=== Section Start ===

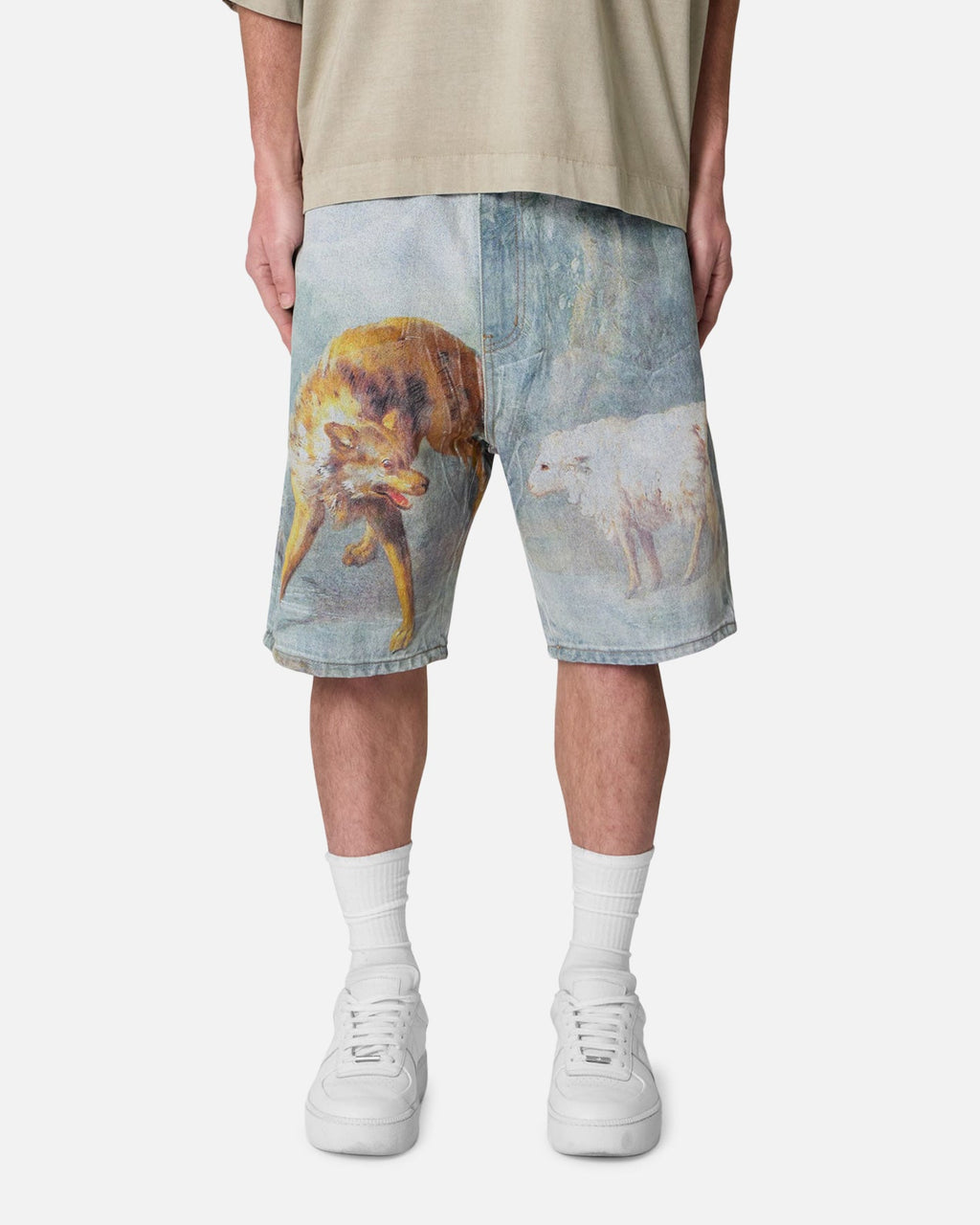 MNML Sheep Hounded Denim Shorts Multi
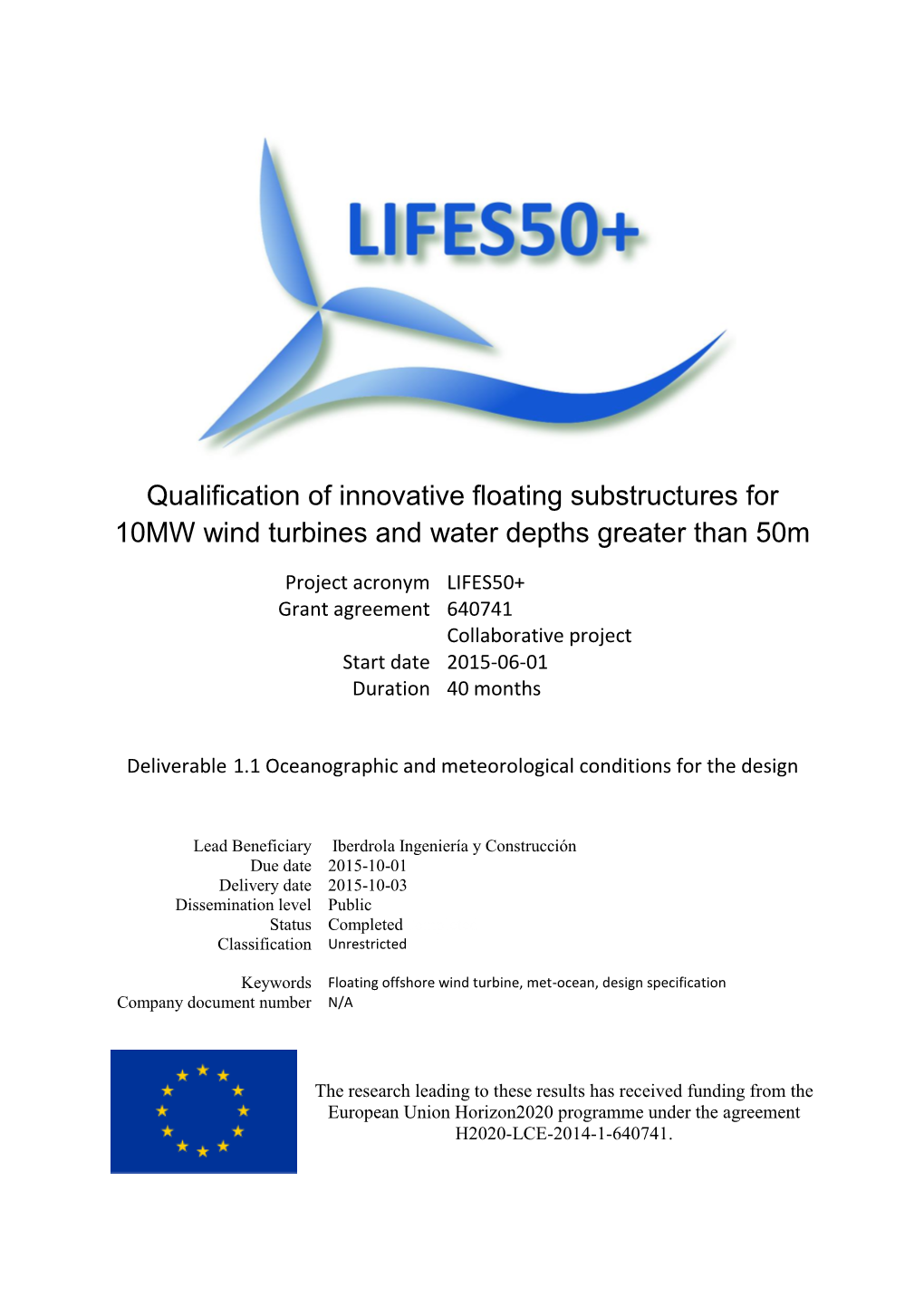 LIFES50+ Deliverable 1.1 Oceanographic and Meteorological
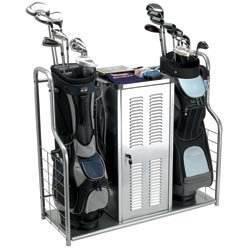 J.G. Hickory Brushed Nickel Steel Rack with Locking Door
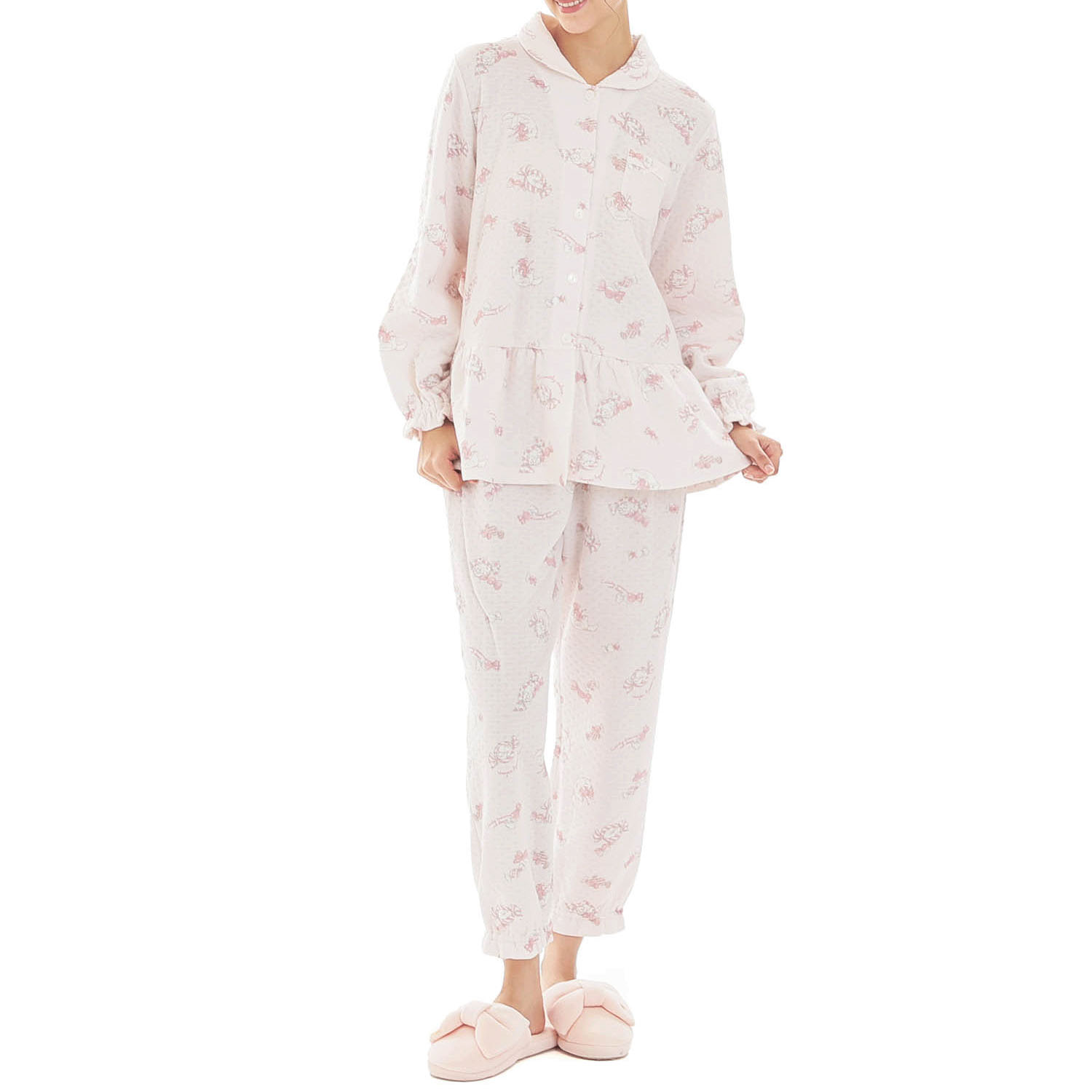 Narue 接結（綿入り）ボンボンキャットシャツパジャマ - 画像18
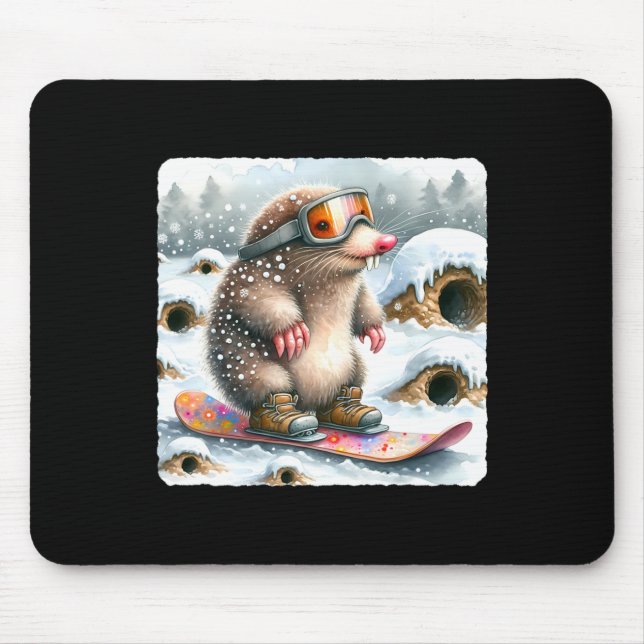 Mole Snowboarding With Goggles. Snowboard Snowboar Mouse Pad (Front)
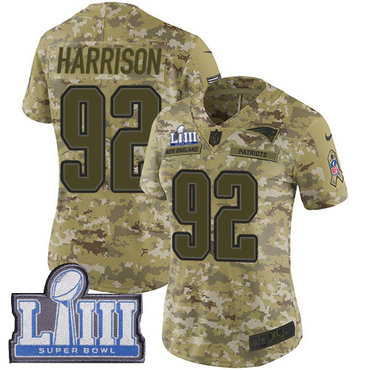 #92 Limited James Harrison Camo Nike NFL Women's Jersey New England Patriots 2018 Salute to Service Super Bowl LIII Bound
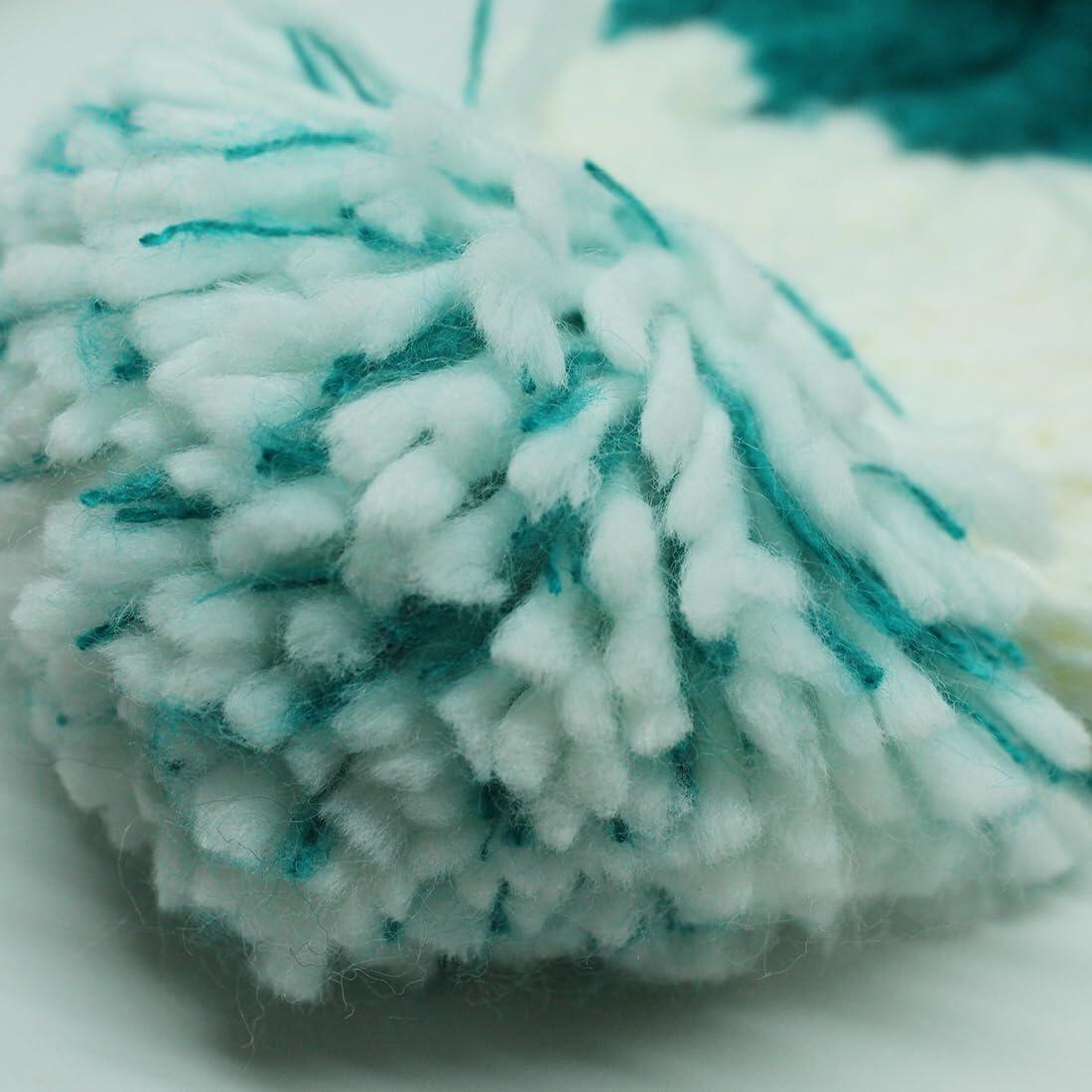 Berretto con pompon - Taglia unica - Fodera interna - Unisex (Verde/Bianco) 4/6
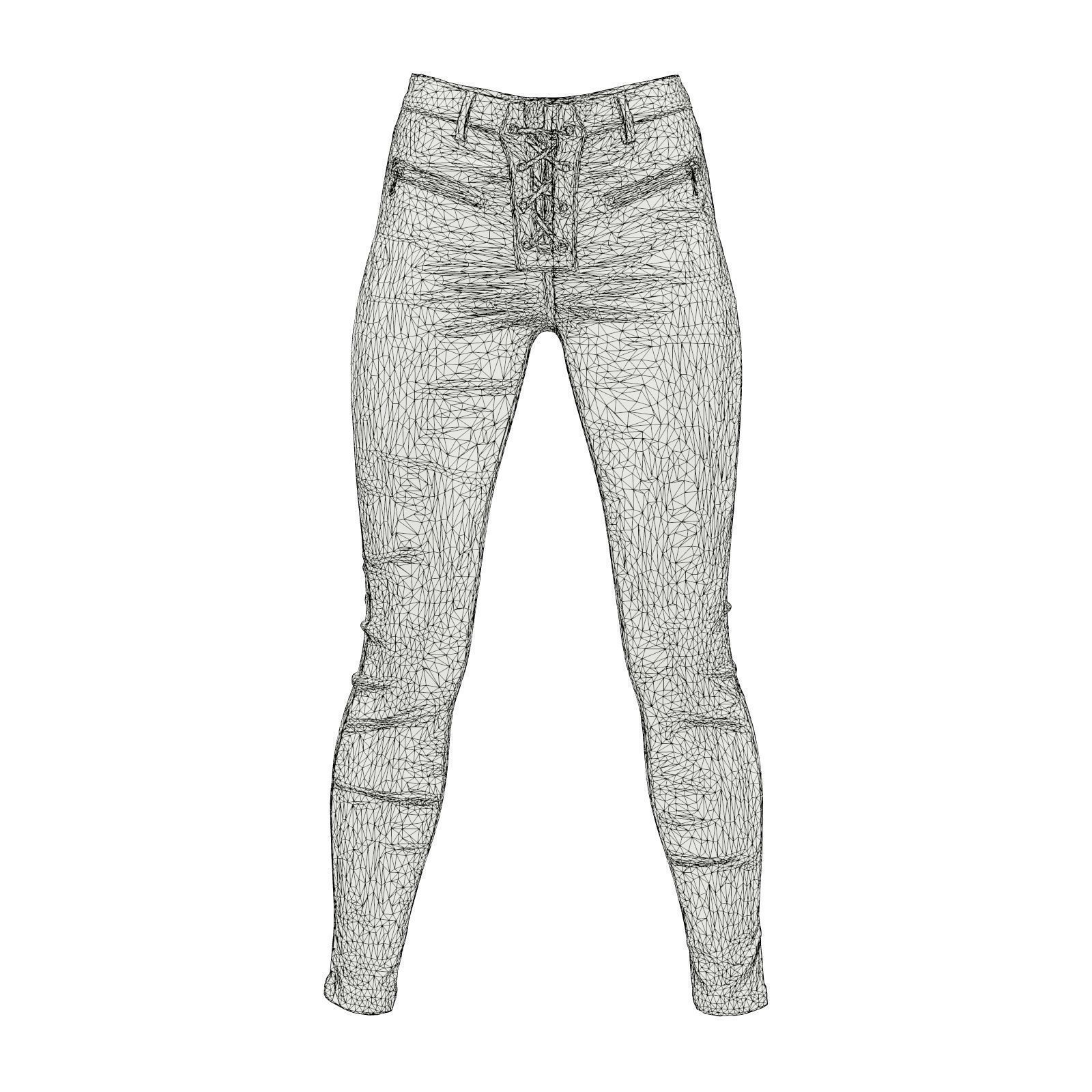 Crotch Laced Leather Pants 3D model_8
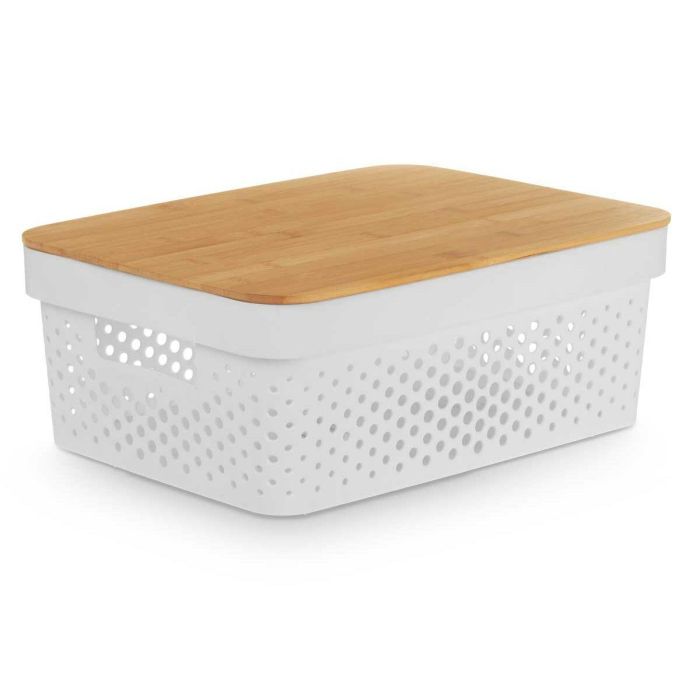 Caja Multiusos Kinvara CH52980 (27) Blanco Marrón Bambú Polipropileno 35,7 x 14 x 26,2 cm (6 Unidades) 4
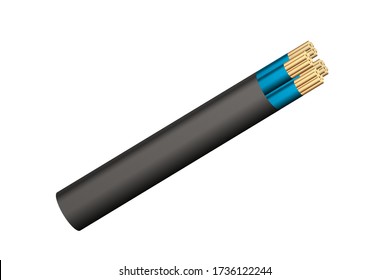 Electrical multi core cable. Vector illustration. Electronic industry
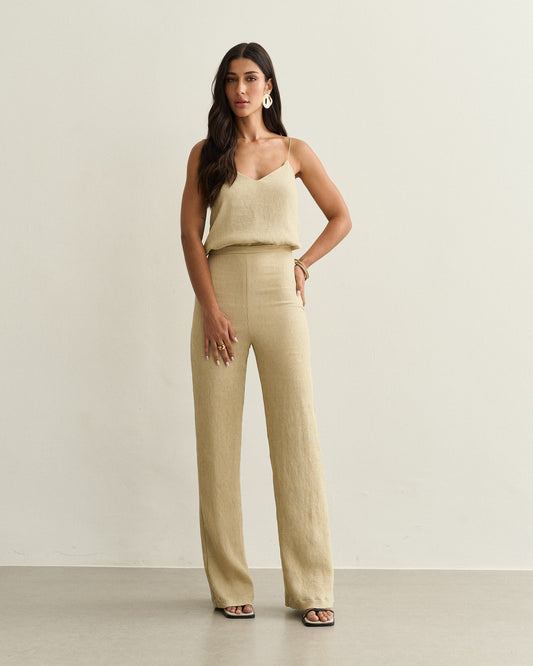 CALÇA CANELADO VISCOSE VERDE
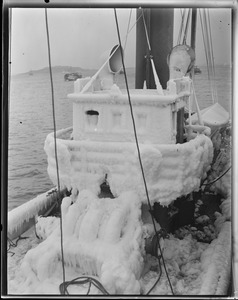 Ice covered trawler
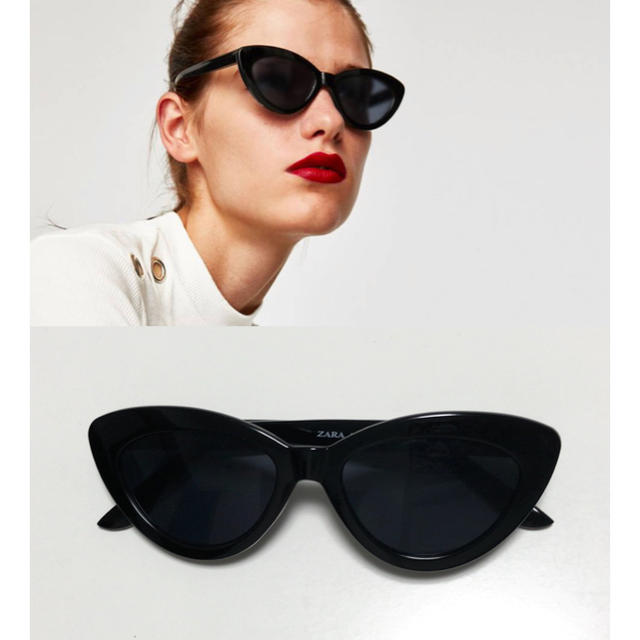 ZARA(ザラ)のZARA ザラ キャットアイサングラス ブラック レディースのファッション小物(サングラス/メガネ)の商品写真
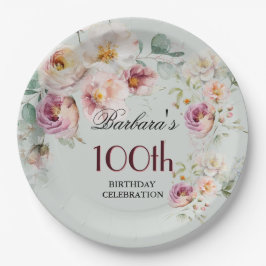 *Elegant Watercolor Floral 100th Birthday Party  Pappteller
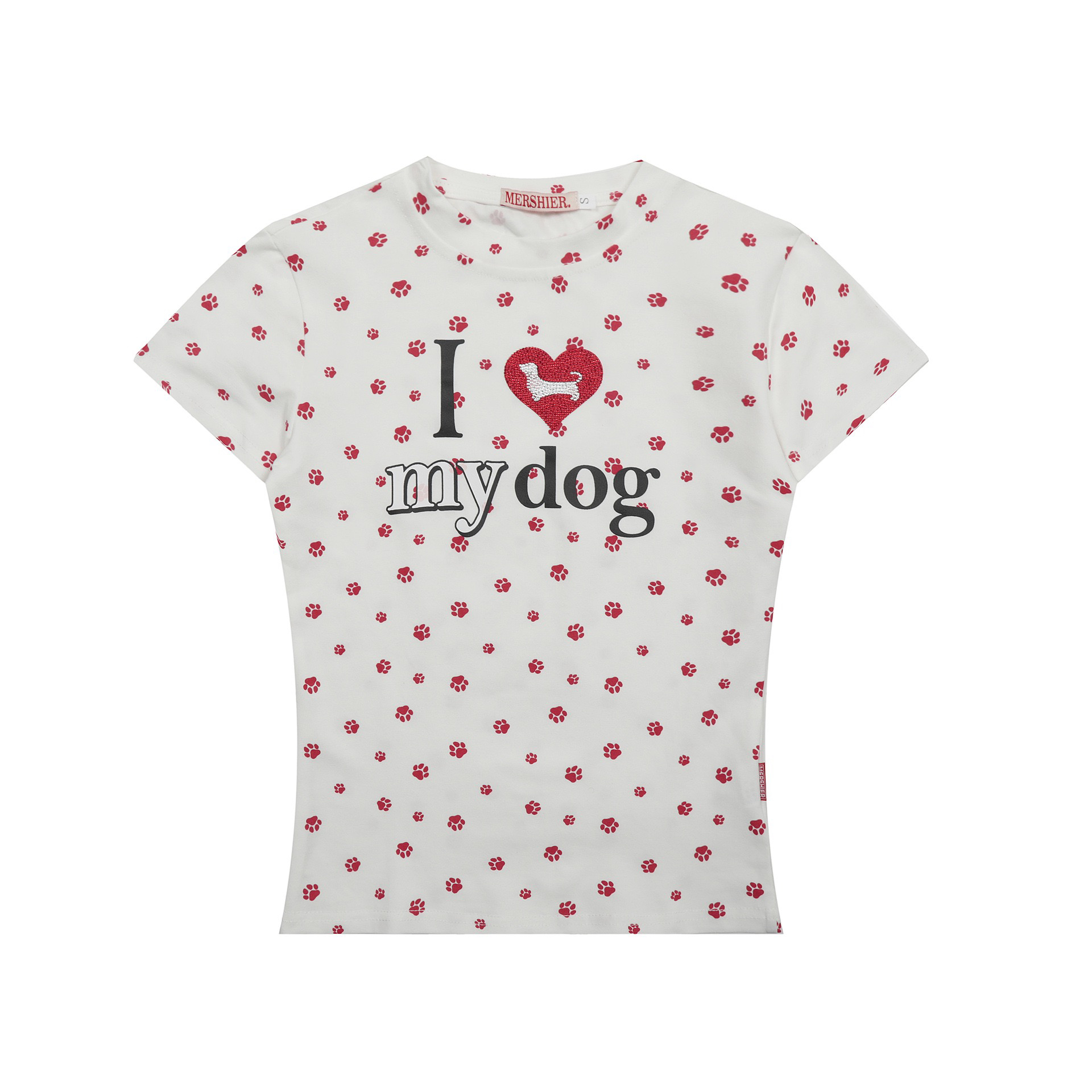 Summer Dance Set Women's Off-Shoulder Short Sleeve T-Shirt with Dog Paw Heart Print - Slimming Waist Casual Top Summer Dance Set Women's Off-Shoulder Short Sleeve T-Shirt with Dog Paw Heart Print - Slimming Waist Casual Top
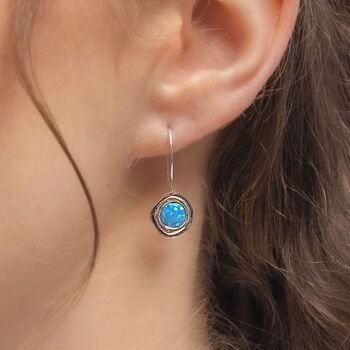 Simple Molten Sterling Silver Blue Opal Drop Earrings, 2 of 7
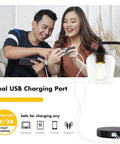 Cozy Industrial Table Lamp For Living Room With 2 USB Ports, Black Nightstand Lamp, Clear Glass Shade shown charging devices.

=== Section End ===

Among the records above, locate the line containing "Mole Snowboarding With" and the line containing "Crotch Laced Leather Pants 3D model_8", then transcribe exactly the lines starting at the first and ending at the second, with no pictures.

 Mole Snowboarding With Goggles. Snowboard Snowboar Mouse Pad (Front)
 #92 Limited James Harrison Camo Nike NFL Women's Jersey New England Patriots 2018 Salute to Service Super Bowl LIII Bound
 Berretto con pompon - Taglia unica - Fodera interna - Unisex (Verde/Bianco) 4/6
 Crotch Laced Leather Pants 3D model_8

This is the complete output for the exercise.